“ Prends garde, dit un adage russe, que ta tête ne se trouve entre les mains de ceux qui t’applaudissent.
Nombre des êtres qui contribuent à nous rendre la vie plus vive, sont les victimes de notre idolâtrie.
Le trompettiste Chet Baker, le peintre Jean-Michel Basquiat et l’écrivain Bernard-Marie Koltès, sont de ces “ anges ” transformés en objets de culte par l’adulation de ceux qui leur ont survécu.
Mais ceux qui ont pour nom désormais (quelque part dans les limbes...) Prince de la Fêlure, Enfant Radiant et Desperado Joyeux, n’ont pas encore dit leur dernier mot.
Bernard-Marie Koltès est né le 9 avril 1948 à Metz, dans une famille catholique pratiquante – son père était officier de carrière.

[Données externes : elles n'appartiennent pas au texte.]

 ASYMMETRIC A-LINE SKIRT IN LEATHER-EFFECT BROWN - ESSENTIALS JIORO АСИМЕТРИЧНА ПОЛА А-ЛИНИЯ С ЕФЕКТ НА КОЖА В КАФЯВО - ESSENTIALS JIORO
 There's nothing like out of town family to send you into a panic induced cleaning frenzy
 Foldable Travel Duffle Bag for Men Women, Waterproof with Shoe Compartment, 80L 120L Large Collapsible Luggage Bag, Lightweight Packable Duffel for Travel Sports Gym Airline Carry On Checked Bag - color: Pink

Cet écrivain, dramaturge et romancier, que Patrice Chéreau qualifia de “ desesperado joyeux ”, est mort du sida, à Paris, le 15 avril 1989, à l’âge de quarante ans.

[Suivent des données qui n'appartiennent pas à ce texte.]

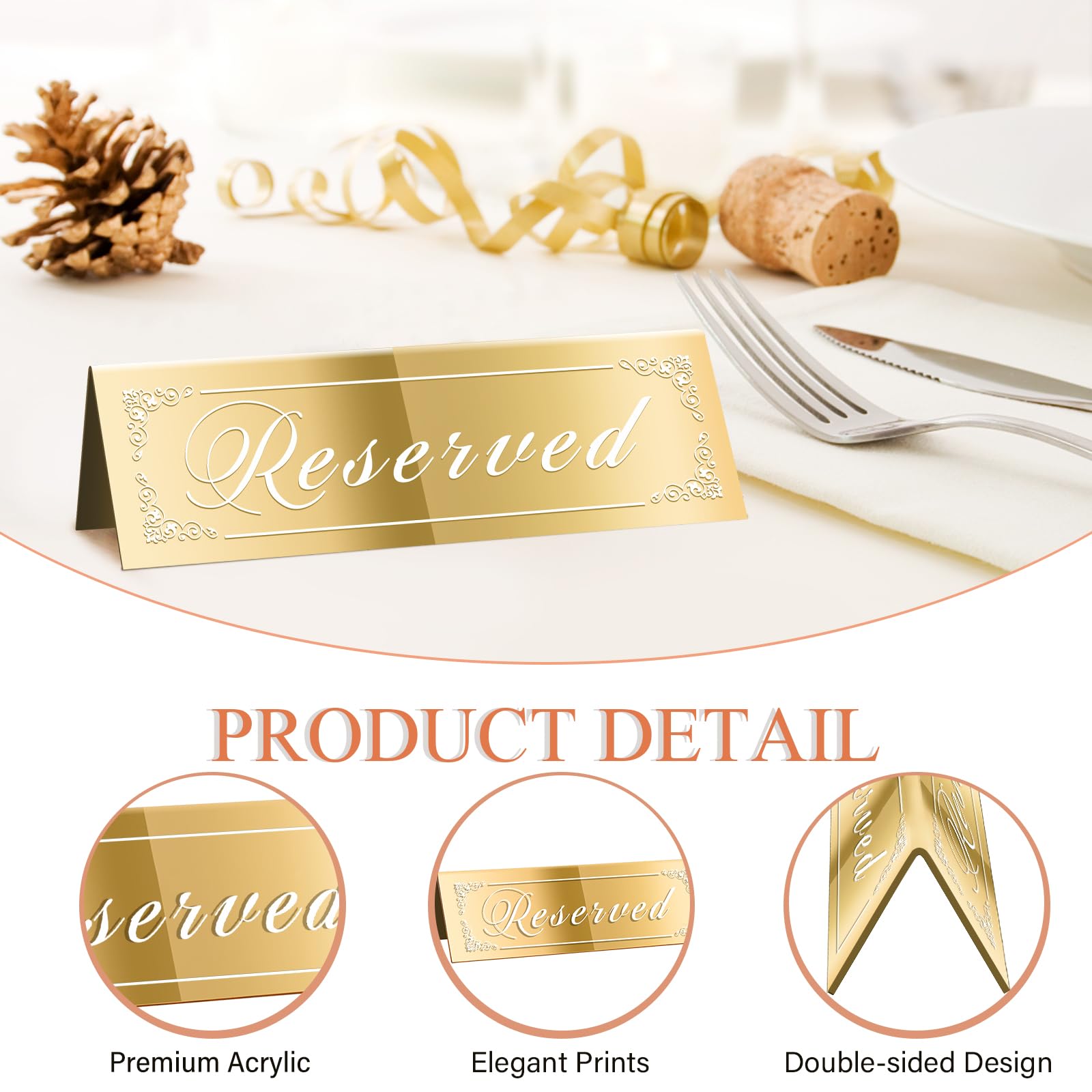CWJCYTNSN 12PCS Reserved Table Signs, Gold Reserved Signs for Wedding, Acrylic Double-side Reserved Seating Signs, Mirrored Guest Reservation Table Tent Signs for Birthday Party, Event, Restaurant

Jean-Michel Basquiat est né le 22 décembre 1960 à Brooklyn, New York, d’une mère d’origine portoricaine et d’un père d’origine haïtienne. dans une famille de la middle class américaine. Ce graffiteur devenu en quelques années l’un des peintres les plus cotés de la planète, complice d’Andy Warhol, que René Ricard nommait “ l’enfant radiant ”, est mort le 12 août 1988, dans son loft, à New York, d’une overdose d’héroïne, à l’âge de vingt-sept ans.
Chet Baker est né le 23 décembre 1929, à Yale, petite ville de fermiers de l’Oklahoma, deux mois après le krach boursier de Wall Street. Ce trompettiste et chanteur, “ prince de la délicatesse et de la fêlure ” (la formule est de Gérard Rouy), qui sillonnait le monde de concerts en studios, sans foyer ni compte en banque, fut retrouvé mort le vendredi 13 mai 1988, dans une petite rue d’Amsterdam, derrière le Prinz Hendrik Hotel, tombé de la fenêtre de sa chambre, située au deuxième étage. Il était âgé de cinquante-neuf ans.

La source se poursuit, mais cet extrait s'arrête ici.